### [Exercise requirements]
Copy, exactly and without additions, every line in the records below from the one holding "Best Dental Clinic In Jaipur" through the one holding "CXCR4 Rabbit Polyclonal", both ends included.

### [Source material]
..............................
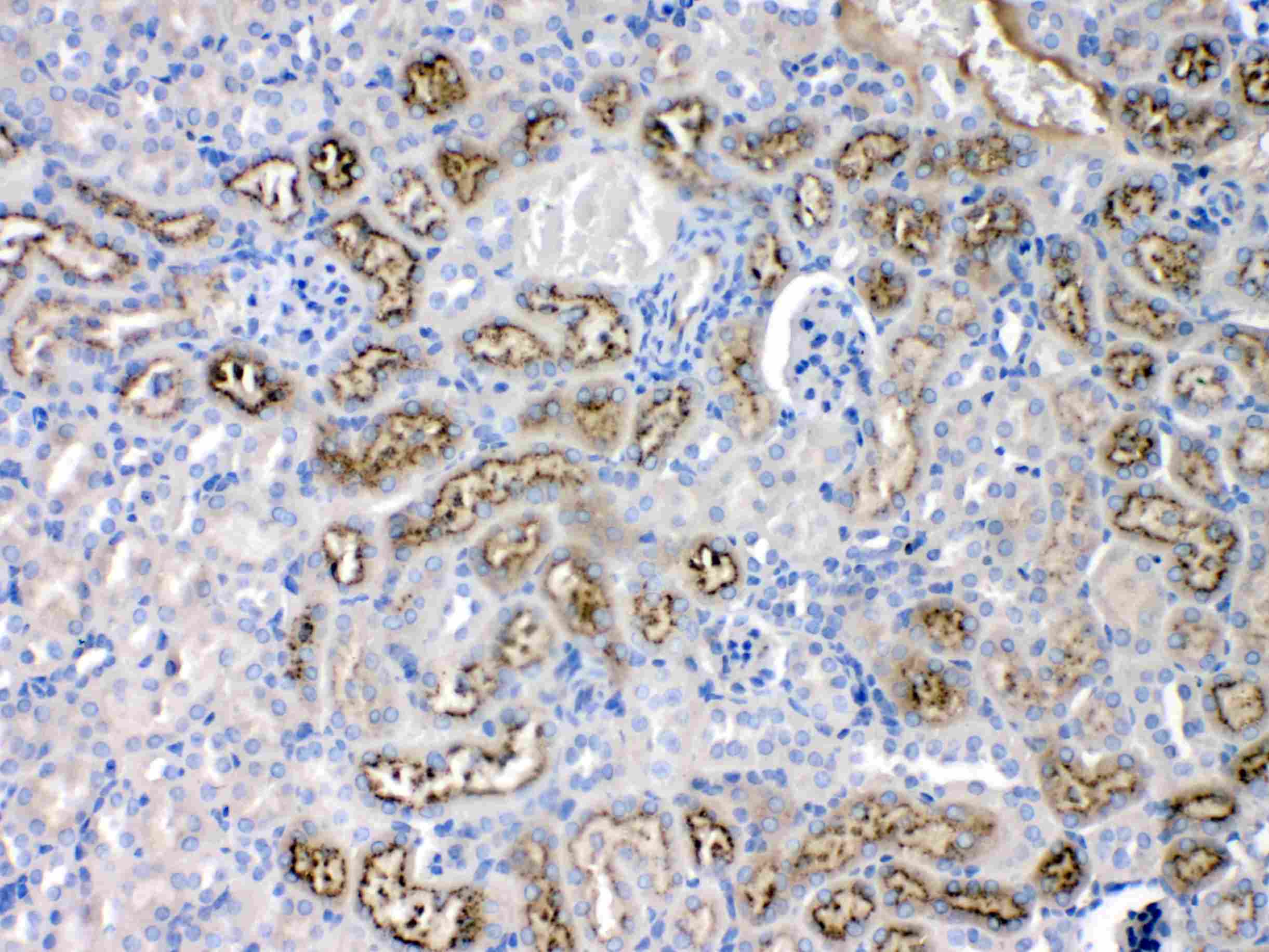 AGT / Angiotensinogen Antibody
..............................
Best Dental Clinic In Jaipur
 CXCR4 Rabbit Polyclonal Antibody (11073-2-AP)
..............................
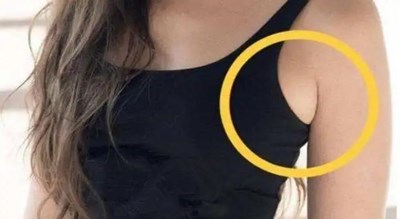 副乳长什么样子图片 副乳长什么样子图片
..............................
### [Answer to the exercise]
Best Dental Clinic In Jaipur
 CXCR4 Rabbit Polyclonal Antibody (11073-2-AP)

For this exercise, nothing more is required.